My DTI TT-20K just arrived in the mail so I'd like to mod the muffler on the MS660.  As I understand it you basically enlarge the hole (or create another one) so the total area is about 75-80% the exhaust port area.  Then re-tune (2,500 rpm idle and 13,500 rpm WOT as per the manual).

Does that sound right?  Can I get rid of this little cage thingy inside the stock muffler?


----------



## ironworker (Sep 22, 2013)

What I did was drill two holes on the top of the baffle then cut the middle of the holes out with a Dremel making one long hole and then I opened up the ports,as I have a dual port muffler. I believe you can get a cover with a port in it for yours.


----------



## clemsonfor (Sep 22, 2013)

You can buy a cover with an additional port in it so its a dual port.


----------



## clemsonfor (Sep 22, 2013)

I will do this to my 650 once I get it back together and running.


----------



## clemsonfor (Sep 22, 2013)

Its in no shape for a muffler mode now. Well I could do one, but not much point till I get the plastic in.


----------



## jeffesonm (Sep 25, 2013)

Thanks for the info all.

I ended up removing the entire baffle from the muffler.  I used a dremel with a carbide bit to enlarge the stock hole until it was pretty much the entire area behind the stock deflector.  Then I bet a piece of sheet metal and welded it on as a deflector extender.  Finally I spray painted it with high temp grill paint and retuned with my fancy new tach.  Cut some hickory today and it works well... throttle response seems better.
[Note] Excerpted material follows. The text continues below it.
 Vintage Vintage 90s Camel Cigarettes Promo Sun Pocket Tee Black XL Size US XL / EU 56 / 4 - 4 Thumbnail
Be easy on the welding... this is the 2nd thing ever I've welded and didn't feel like grinding much.


----------



## ironworker (Sep 28, 2013)

Nice job, how do you like the way it sounds.


----------



## clemsonfor (Sep 28, 2013)

Barry Loyd said:


> Well, maybe I'm master mech ...who knows. Only I do.


Who are you talking to?? That seemed random?


----------



## JOHN BOY (Sep 28, 2013)

The saw will also run alot cooler as well . should help to produce more torque.


----------



## webbie (Sep 29, 2013)

clemsonfor said:


> Who are you talking to?? That seemed random?
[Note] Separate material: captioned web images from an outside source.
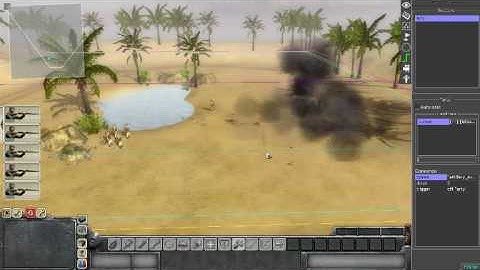 GEM Editor Tutorial - Spawning Artillery Strikes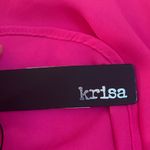 Krisa  Revolve Pink Spaghetti Strap‎ Top Size XS NWT Photo 4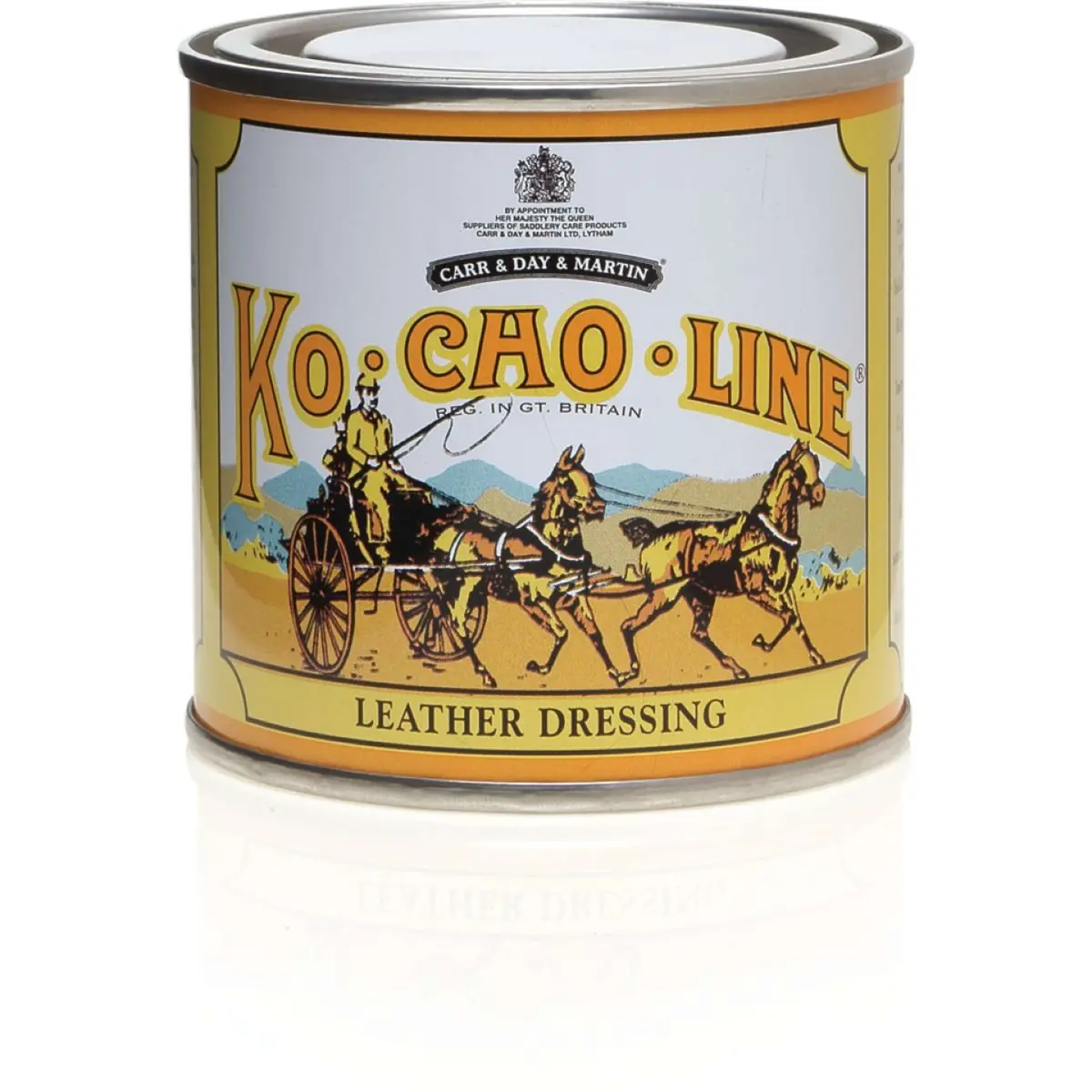 Carr & Day & Martin Leather Dressing Ko-Cho-Line 1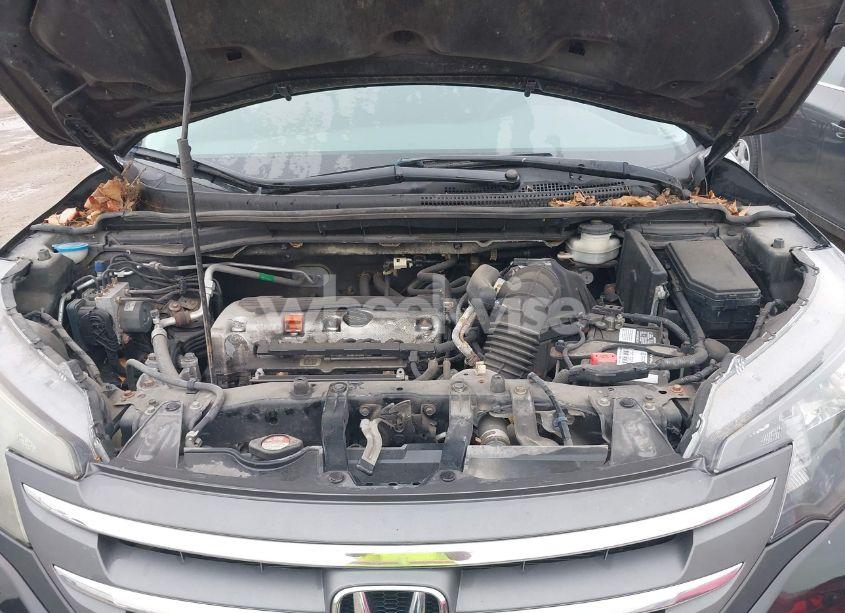 Photo 10 of 2012 Honda Cr-v LX (VIN 5J6RM4H37CL027971)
Heck if I know....that guy came and went. But, maybe a hint, he was pushing some agendas as if he was here before in force! Your guess is as good as mine. Sad and depressing, actually. You'd think adults would act like same.


----------



## sclarke (Oct 1, 2013)

you may not want to run it at such high rpm. anytime you modify a muffler you run the risk of burning up the cylinder if you do not richin up the carb. 
here is a very helpful link http://www.madsens1.com/mnu_main.htm


----------



## Fifelaker (Oct 2, 2013)

Tune by ear first, then check with a tach if you want a reference.


----------